The council secured a £43 million package of money from the Department for Transport in the first place for setting up the Clean Air Zone and putting it towards grants and loans for people who want to change their vehicles.

The third priority after paying for costs of running the CAZ and the financial incentives to get people to change their vehicles is, according to the Government agreement: “Supporting active travel and incentivising public transport use”.

As part of the £43 packaged trumpeted by the Mayor of Bristol Marvin Rees - the biggest sum given to a city to mitigate the implementation of a Clean Air Zone - money will go towards other initiatives under the 'active travel' umbrella. That covers everything from subsidising people to travel on buses or e-scooters, to giving whole families cycling lessons.

Given there were 95,000 individual drivers who potentially breached the Clean Air Zone in non-compliant vehicles over a three-week period, the take-up of those sorts of deals has not been particularly high, as Bristol Live revealed in the week the CAZ started last month.

If there is a million pounds a month coming in to the city council from the Clean Air Zone charges and fines, then there could be more free bus fares or cycle lessons on offer.

Bristol buses on Bedminster Bridge (PAUL GILLIS / Reach PLC)

The fourth priority on the list, if there is any more money left, is ‘supporting green infrastructure along the most polluted roads where public exposure is the highest’.

It is not entirely clear what ‘green infrastructure’ is meant by this statement - it could be planting more trees, or it could be creating bus lanes or separated cycle lanes, which might reduce the capacity of the road network in those areas.

The final priority, if there is any money left by this point is: “Supporting the maintenance of infrastructure to promote active travel and public transport use,” which again sounds like it would be bus lanes and cycle lanes, to make it easier for people who have chosen to cycle rather than drive non-compliant cars, to do so.

Bristol City Council’s part of the agreement with the Government goes into further detail, and lists the areas of the city and the public transport schemes which could receive funding, which the agreement said will be put towards the City Region Sustainable Transport Programme - something being organised by the West of England Combined Authority, and not Bristol City Council - as match funding.

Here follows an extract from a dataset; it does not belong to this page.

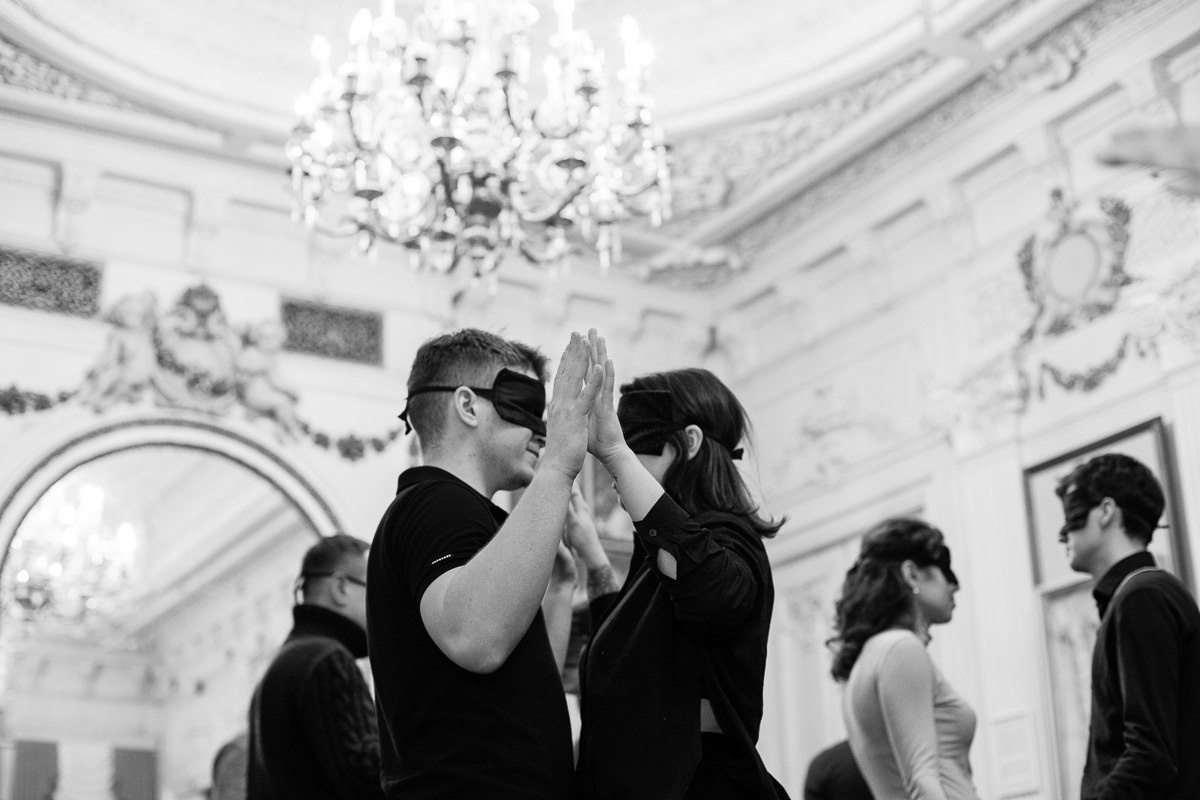 To see by heart party. Photographer in Montenegro — professional photoshoots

Voi is encourage people across the region to leave their cars at home and travel more sustainably (Voi)

There are eight schemes in that programme that the council lists as recipients of the CAZ money, although the agreement states they ‘may include’ the following schemes:

Schemes in Bristol City Centre, the Long Ashton metrobus, the Bristol to Bath Sustainable Transport Corridor, the Portway Sustainable Transport Corridor and Hub, the Stockwood to Cribbs Causeway Sustainable Transport Corridor, the Bristol to Hengrove metrobus extension, and Bristol City ‘Liveable Neighbourhoods’.

The agreement also states that if there is any more money left, it will go towards ‘further liveable neighbourhoods’, as well as ‘bus service improvements, both physical infrastructure and operational services’, and ‘improve and maintain infrastructure on active travel routes and bus corridors’.